Metro Home & Entertaining
by Chino dela Torre
photographs by Erwin Obcemea


Eleven years ago, constructing a vacation house in the hills of Puerto Azul was a challenge.  The roads were narrow and materials were difficult to source.  This, however, did not stop Arch. Popi Laudico from taking on a vacation house at the prestigious resort as her first residential project.


Popi’s design process begins with a questionnaire.  She explains, “I ask my clients about their lifestyles.  I want to know who they are and what their needs are like.”  With this information combined with the limitations of the space, she creates the design problem.  At the end of the process, she comes up with the solution.  “There is only one answer that feels right and everything else feels wrong,”  says  Popi smilingly.  She adds,  “So far, I have a perfect record of getting it right.”
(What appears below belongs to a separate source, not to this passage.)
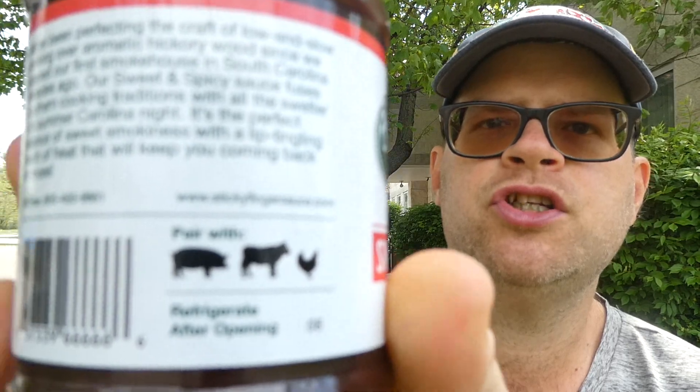So we'll read the write-up on the side here. It says pair with pork, chicken, beef, and chicken. Refrigerate after opening. The write-up says: we've been perfecting the craft of low and slow cooking over aromatic hickory wood since we opened our first smokehouse in South Carolina decades ago. Our sweet and spicy sauce fuses southern cooking traditions with all the swelter of a summer Carolina night. It's the perfect balance of sweet smokiness with a lip-tingling touch of heat that will keep you coming back for more.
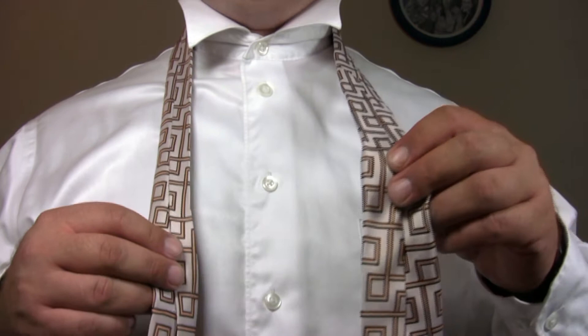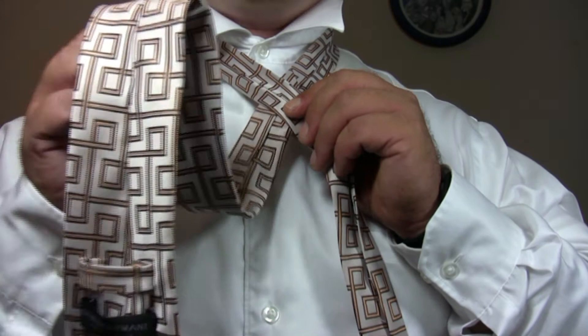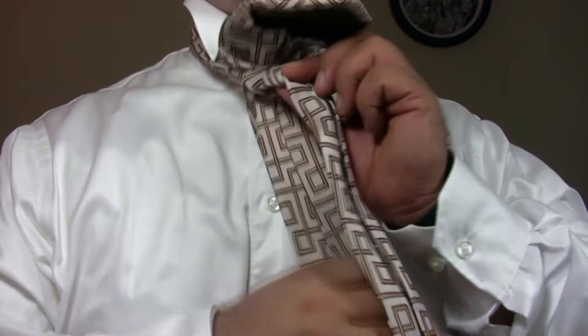Cross the wide end of the tie behind the narrow end. Bring the wide end of the tie through the loop around your neck front to back, making sure the wide end of the tie ends up on the right side.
The said house project opens to a small foyer with a sunburst pattern in the stained glass ceiling.  Besides illumination, the pattern brings in color to the neutral-toned home.  It it’s any indicator, you can also interpret that same design element as a prelude to what the rest of the house is like.  Every room is bathed in a healthy sheen of sunlight.


LanaiLiving      Dining
Smart division of space

Popi divides the space smartly through a play of floor levels and strategic placement of wall partitions.  The depressed flooring frames the area of the living room, which is situated in the middle of the house.  Opposite it is the hallway that leads either to the dining room, den, or the pool area that is directly across the living room.  The pool area cuts the structure of the house to form the letter  “U”.  This allows more window space for the rooms in the first and second floors, and increases natural lighting for the household.  Most rooms have a view of the pool, which serves as a focal point for the house.


Used to running hotels, the owner requested for a complete kitchen.  “I partitioned the kitchen space in such a way that the hot area was opposite the cold, and the wet area was opposite the dry.  In the center is a working island that serves as a virtual bridge among the area,” explains Popi.  The kitchen is equipped with a built-in stove, two sets of oven and the large Sub-zero refrigerator that had to be brought all the way from the US.



Popi loves clients who invest well in the project.  She recalls an incident when she got a call from owner who was abroad at that time.  “There were hand-made terracotta tiles that the owner really liked and was wondering whether it would match the house.  I said if you really like them, buy them.  They’re going to fit,” chuckles Popi.  The owner ended up hand-carrying the tiles from abroad.  The tiles are now displayed beautifully as the splashboard for the hot area in the kitchen.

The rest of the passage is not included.